Information on dataset
Data Dictionary
survival: Survival; 0 = No, 1 = Yes
pclass: Ticket class, a proxy for socio-economic status (SES); 1 = 1st (Upper), 2 = 2nd (Middle), 3 = 3rd (Lower)
sex: Sex of passenger
Age: Age in years
sibsp: # of siblings / spouses aboard the Titanic
parch: # of parents / children aboard the Titanic
ticket: Ticket number
fare: Passenger fare
cabin: Cabin number
embarked: Port of Embarkation; C = Cherbourg, Q = Queenstown, S = Southampton
Variable Notes
age: Age is fractional if less than 1. If the age is estimated, is it in the form of xx.5
sibsp: The dataset defines family relations in this way...
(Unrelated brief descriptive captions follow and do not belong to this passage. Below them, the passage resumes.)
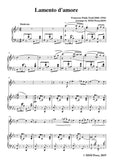 Tosti-Lamento d'amore, for Violin and Piano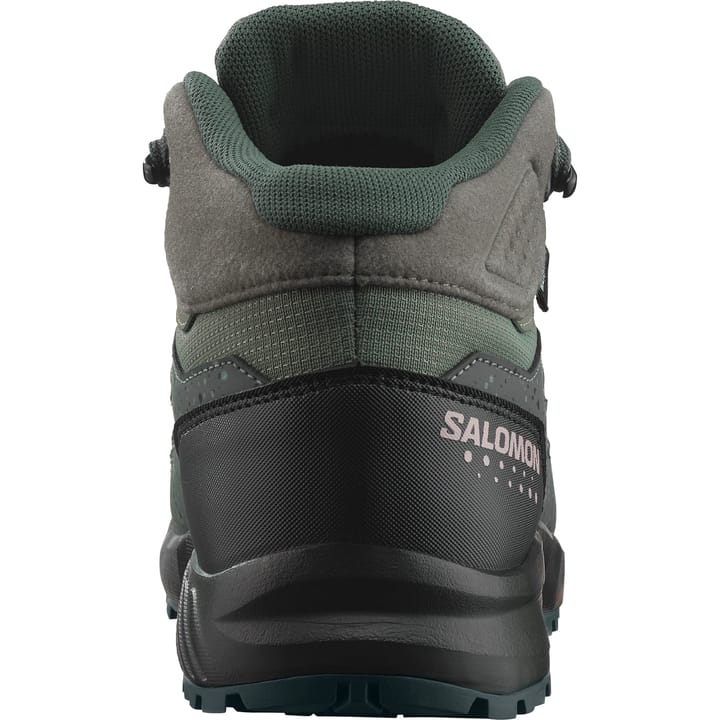 Salomon Juniors' Outway Mid ClimaSalomon Waterproof Agave Green/Black/Cadet Salomon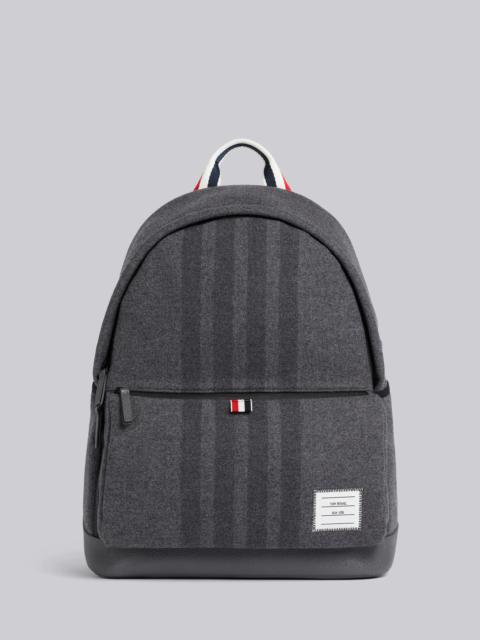 Thom Browne Medium Grey Double Face Melton 4-Bar Easy Backpack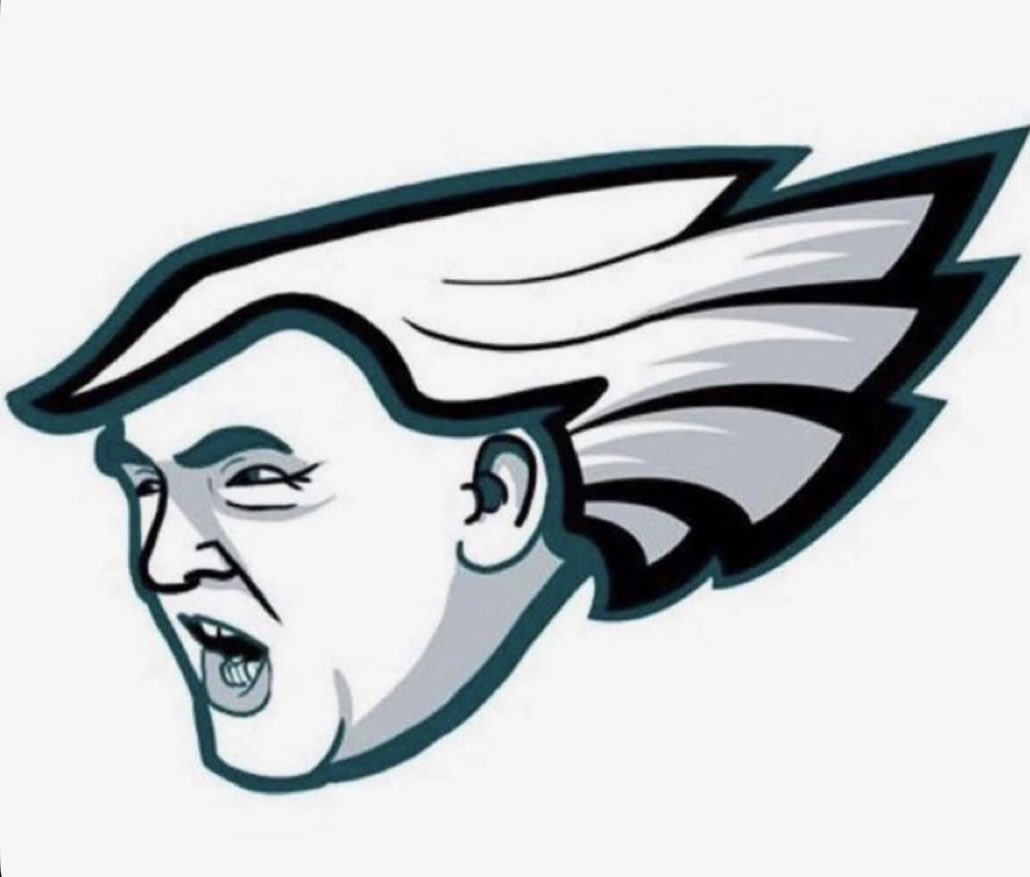 MmmmRice's tweet photo. Go Birds! 💚🦅 #philadelphiaeagles #trump https://t.co/dkH9fhRQOh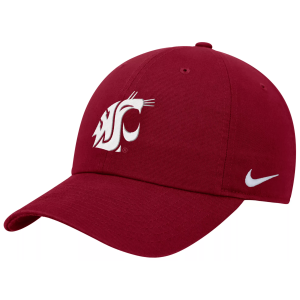 Nike Adult Arkansas Razorbacks Crimson Logo Club Adjustable Hat, Men's, Medium/Large, Red
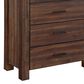Urban Home Meadow 5-Drawer Chest in Distressed Brick Brown, , large
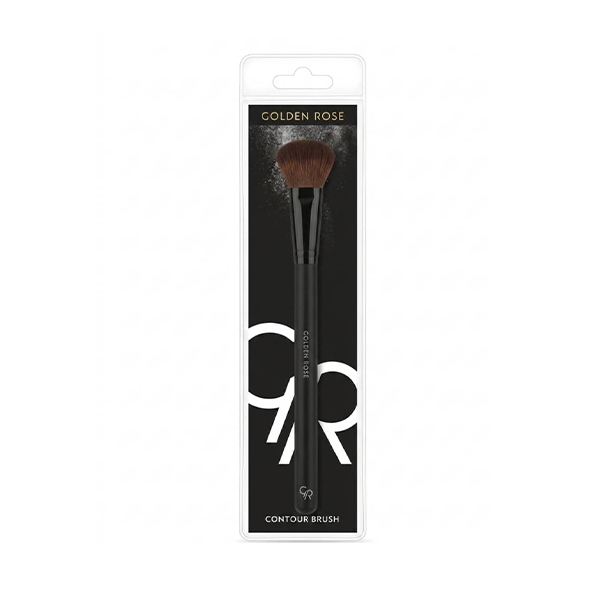 براش آرایشی کانتور گلدن رز مدل CONTOUR BRUSH با الیاف زاویه‌دار تخصصی
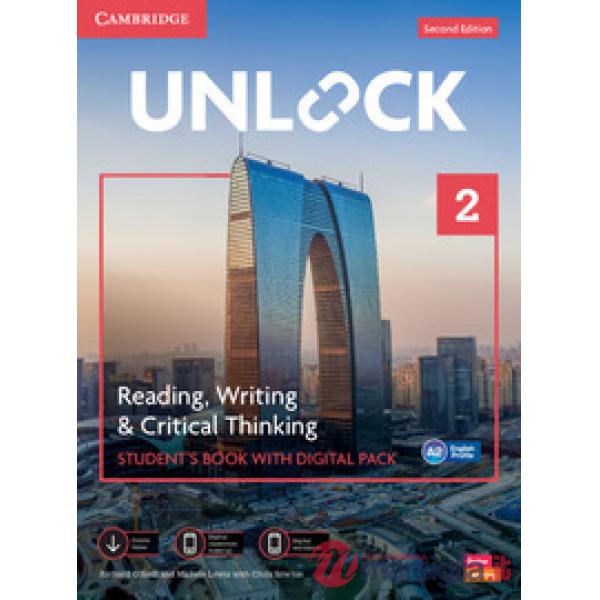 UNLOCK 2ED READ&WRIT 2 SB + DIGITAL PACK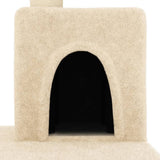 NNEVL Cat Tree with Sisal Scratching Posts Cream 123 cm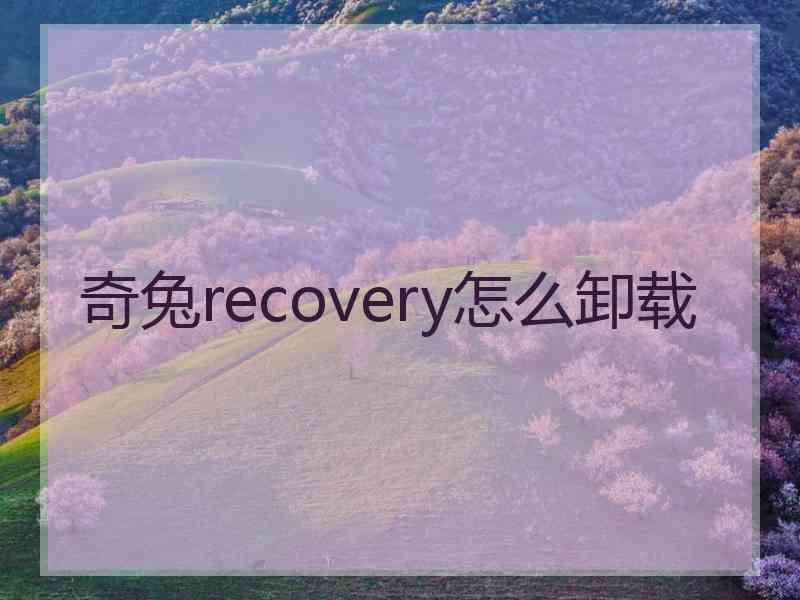 奇兔recovery怎么卸载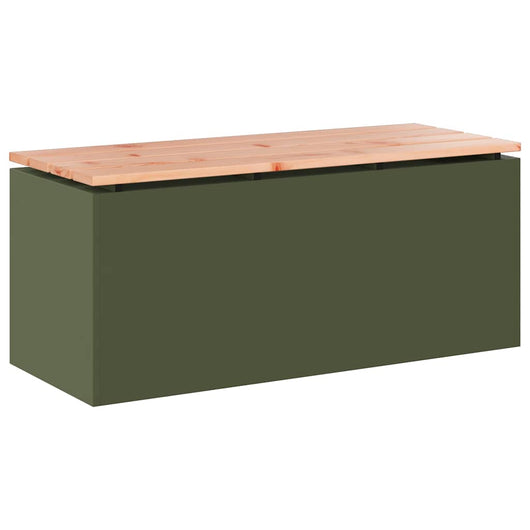 Panchina da giardino Oliver verde 100 x 40 x 43 cm Acciaio 874908
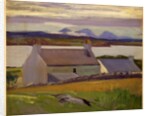 Nightfall, Iona, Paps of Jura beyond by Francis Campbell Boileau Cadell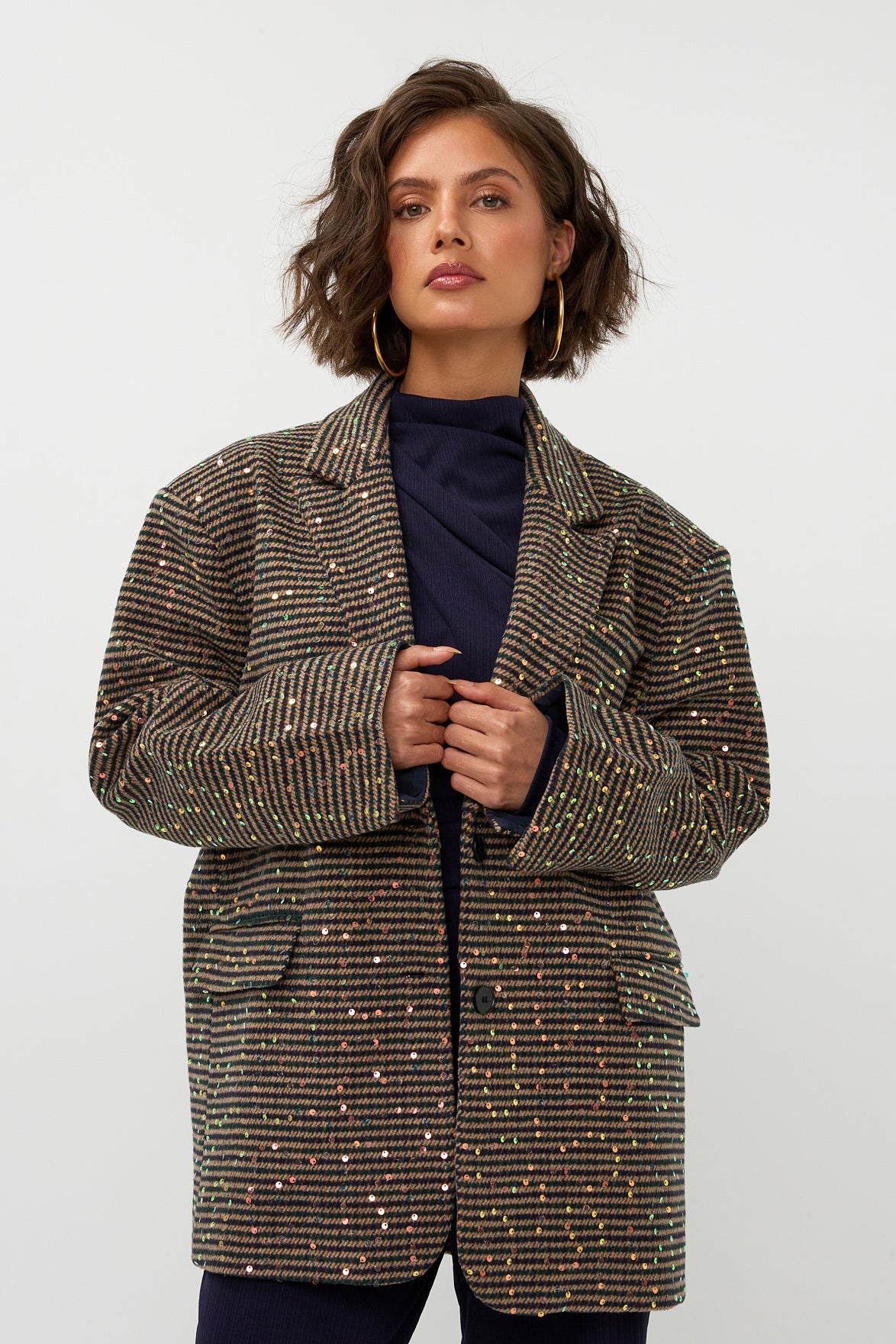 Studio Amaya Midnight Blazer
Sibling = brother, sister, stepbrother, stepsister
Spouse = husband, wife (mistresses and fiancés were ignored)
parch: The dataset defines family relations in this way...
Parent = mother, father
Child = daughter, son, stepdaughter, stepson
Some children travelled only with a nanny, therefore parch=0 for them.
Question guiding investigation: Which passenger characteristics correlate with survival?
index.html - Main file of finished project (HTML file)
Titanic.ipynb - Investigation code (iPython notebook)
titanic_data.csv - Data source for analysis (CSV)
README.md - Information on data set and variales (Markdown file)
resource_list.txt - References used in analysis (Plain text file)